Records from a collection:
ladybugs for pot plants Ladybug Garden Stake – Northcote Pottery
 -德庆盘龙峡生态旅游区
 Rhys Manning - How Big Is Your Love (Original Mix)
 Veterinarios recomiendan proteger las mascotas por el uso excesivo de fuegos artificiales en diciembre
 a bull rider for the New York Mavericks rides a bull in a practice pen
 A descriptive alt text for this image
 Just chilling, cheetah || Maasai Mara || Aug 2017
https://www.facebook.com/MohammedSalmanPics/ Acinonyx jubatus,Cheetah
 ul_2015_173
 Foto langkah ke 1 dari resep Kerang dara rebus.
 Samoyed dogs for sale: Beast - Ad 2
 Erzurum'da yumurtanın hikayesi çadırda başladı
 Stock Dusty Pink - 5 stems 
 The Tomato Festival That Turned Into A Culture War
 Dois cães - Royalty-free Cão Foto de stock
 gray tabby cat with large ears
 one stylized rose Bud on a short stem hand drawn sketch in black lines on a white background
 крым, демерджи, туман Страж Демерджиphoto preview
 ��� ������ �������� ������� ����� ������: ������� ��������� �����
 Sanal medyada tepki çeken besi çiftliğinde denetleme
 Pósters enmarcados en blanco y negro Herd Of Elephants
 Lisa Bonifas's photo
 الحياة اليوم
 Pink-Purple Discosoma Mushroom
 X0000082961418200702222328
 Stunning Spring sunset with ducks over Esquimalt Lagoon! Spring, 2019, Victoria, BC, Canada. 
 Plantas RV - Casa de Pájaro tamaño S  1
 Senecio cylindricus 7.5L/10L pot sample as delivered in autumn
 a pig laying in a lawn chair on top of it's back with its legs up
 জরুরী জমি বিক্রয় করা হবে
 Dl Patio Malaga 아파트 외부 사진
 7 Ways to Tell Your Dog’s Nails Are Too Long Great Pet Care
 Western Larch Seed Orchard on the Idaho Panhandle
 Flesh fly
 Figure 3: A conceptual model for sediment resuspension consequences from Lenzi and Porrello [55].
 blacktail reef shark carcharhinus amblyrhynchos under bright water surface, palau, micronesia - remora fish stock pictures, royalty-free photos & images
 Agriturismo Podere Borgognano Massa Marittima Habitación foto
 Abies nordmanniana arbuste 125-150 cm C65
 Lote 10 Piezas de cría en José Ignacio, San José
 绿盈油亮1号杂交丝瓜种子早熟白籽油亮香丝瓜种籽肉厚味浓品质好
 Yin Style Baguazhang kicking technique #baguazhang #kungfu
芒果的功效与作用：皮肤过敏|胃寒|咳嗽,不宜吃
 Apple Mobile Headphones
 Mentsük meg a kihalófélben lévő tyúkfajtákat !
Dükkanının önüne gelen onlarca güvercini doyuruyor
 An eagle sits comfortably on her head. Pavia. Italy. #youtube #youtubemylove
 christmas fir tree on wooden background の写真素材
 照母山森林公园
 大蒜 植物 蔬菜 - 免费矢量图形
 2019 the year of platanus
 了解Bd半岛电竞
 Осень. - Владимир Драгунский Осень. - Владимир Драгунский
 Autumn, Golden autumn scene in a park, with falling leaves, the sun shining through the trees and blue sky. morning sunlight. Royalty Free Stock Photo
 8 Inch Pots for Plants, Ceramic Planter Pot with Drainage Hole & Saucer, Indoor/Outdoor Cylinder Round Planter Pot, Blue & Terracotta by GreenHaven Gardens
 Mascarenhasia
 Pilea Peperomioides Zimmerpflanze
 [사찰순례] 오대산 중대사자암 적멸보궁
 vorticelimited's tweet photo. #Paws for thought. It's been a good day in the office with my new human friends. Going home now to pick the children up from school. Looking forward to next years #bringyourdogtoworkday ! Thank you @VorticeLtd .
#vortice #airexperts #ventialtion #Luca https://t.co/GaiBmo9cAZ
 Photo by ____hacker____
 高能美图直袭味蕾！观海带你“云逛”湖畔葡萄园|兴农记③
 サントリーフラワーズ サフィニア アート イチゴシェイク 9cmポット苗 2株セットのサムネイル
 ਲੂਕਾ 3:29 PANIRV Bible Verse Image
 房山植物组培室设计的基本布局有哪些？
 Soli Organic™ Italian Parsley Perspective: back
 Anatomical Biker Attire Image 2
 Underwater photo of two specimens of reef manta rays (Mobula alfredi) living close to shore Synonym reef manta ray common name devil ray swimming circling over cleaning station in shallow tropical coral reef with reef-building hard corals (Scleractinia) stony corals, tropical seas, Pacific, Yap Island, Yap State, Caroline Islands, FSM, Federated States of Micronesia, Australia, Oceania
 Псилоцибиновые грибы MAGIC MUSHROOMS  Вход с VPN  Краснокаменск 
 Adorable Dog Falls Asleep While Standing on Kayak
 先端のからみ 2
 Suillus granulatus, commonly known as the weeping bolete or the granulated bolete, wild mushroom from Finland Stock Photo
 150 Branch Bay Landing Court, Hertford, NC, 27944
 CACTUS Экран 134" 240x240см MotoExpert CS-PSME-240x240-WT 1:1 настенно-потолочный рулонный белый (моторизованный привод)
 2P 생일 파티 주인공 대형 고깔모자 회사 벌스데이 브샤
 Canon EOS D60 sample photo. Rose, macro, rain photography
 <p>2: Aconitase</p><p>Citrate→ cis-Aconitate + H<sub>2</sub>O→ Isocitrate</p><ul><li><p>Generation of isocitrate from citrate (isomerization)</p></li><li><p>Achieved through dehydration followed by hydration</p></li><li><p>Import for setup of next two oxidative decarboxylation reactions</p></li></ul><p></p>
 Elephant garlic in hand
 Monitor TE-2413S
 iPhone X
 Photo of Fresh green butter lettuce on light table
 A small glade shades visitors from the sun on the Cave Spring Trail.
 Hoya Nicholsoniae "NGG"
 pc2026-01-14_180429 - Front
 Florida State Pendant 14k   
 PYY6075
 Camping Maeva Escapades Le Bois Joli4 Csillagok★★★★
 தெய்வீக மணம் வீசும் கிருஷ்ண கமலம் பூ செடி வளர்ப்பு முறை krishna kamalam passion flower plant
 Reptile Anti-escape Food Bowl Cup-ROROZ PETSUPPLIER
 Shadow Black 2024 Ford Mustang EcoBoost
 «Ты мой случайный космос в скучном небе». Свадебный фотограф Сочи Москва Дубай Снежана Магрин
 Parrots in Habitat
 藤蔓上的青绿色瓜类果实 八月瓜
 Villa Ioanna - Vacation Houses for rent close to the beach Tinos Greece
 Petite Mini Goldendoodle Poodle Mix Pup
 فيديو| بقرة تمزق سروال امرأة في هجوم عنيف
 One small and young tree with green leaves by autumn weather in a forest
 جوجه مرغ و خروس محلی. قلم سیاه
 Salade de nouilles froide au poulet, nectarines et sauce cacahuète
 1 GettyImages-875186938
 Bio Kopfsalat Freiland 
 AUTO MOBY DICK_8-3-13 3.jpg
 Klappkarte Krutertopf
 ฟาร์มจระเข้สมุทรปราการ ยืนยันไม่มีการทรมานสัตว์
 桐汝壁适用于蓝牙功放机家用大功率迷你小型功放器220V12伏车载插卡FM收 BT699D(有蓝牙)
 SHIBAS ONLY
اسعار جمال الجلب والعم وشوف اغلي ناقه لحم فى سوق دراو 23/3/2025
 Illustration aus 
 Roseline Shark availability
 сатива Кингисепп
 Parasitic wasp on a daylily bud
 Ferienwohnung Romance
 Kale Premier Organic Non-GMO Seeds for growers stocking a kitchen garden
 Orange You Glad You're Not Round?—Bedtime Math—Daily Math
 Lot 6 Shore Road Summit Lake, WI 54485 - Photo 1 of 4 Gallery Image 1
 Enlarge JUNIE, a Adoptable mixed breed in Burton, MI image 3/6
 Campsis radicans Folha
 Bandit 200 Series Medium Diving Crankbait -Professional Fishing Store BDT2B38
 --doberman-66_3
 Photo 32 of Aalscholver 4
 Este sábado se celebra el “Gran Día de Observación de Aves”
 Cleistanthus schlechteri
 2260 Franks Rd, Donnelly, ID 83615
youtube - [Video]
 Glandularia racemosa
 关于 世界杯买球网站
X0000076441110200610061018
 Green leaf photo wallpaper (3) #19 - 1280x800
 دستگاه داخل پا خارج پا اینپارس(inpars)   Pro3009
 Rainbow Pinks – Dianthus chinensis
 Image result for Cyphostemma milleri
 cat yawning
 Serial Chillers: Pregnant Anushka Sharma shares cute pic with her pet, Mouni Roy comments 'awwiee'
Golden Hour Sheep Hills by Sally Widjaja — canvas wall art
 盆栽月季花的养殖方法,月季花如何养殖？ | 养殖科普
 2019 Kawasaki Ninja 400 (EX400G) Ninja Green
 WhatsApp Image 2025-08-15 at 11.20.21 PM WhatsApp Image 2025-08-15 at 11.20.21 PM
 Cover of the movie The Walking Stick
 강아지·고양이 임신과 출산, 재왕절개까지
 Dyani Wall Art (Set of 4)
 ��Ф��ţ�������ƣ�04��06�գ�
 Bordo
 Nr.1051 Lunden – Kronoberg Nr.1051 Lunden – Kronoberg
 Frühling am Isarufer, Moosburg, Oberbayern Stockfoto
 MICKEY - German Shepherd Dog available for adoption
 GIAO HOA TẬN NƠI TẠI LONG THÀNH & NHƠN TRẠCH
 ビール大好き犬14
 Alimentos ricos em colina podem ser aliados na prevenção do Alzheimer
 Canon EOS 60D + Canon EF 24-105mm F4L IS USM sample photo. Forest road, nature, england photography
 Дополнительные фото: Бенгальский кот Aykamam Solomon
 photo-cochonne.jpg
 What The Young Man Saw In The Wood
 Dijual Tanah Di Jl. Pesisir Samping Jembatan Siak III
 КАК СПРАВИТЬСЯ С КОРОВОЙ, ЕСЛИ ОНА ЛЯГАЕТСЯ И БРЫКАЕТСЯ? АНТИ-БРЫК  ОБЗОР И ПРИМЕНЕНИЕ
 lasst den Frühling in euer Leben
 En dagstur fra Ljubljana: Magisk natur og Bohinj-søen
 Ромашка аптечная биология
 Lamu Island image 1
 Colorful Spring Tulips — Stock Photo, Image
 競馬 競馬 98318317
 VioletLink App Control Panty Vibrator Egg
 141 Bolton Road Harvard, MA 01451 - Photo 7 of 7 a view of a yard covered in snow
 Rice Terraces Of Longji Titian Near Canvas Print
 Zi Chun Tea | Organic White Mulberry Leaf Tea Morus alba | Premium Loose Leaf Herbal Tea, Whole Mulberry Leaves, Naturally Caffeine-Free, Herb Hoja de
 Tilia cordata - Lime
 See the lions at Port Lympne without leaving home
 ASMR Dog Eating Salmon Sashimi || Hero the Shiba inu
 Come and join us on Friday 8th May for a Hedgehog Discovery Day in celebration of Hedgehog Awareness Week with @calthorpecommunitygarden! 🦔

Task:
The required output is the stretch of entries above from the line containing "Shadow Black 2024 Ford Mustang EcoBoost" through the line containing "SHIBAS ONLY", reproduced exactly.

Exercise result:
 Shadow Black 2024 Ford Mustang EcoBoost
 «Ты мой случайный космос в скучном небе». Свадебный фотограф Сочи Москва Дубай Снежана Магрин
 Parrots in Habitat
 藤蔓上的青绿色瓜类果实 八月瓜
 Villa Ioanna - Vacation Houses for rent close to the beach Tinos Greece
 Petite Mini Goldendoodle Poodle Mix Pup
 فيديو| بقرة تمزق سروال امرأة في هجوم عنيف
 One small and young tree with green leaves by autumn weather in a forest
 جوجه مرغ و خروس محلی. قلم سیاه
 Salade de nouilles froide au poulet, nectarines et sauce cacahuète
 1 GettyImages-875186938
 Bio Kopfsalat Freiland 
 AUTO MOBY DICK_8-3-13 3.jpg
 Klappkarte Krutertopf
 ฟาร์มจระเข้สมุทรปราการ ยืนยันไม่มีการทรมานสัตว์
 桐汝壁适用于蓝牙功放机家用大功率迷你小型功放器220V12伏车载插卡FM收 BT699D(有蓝牙)
 SHIBAS ONLY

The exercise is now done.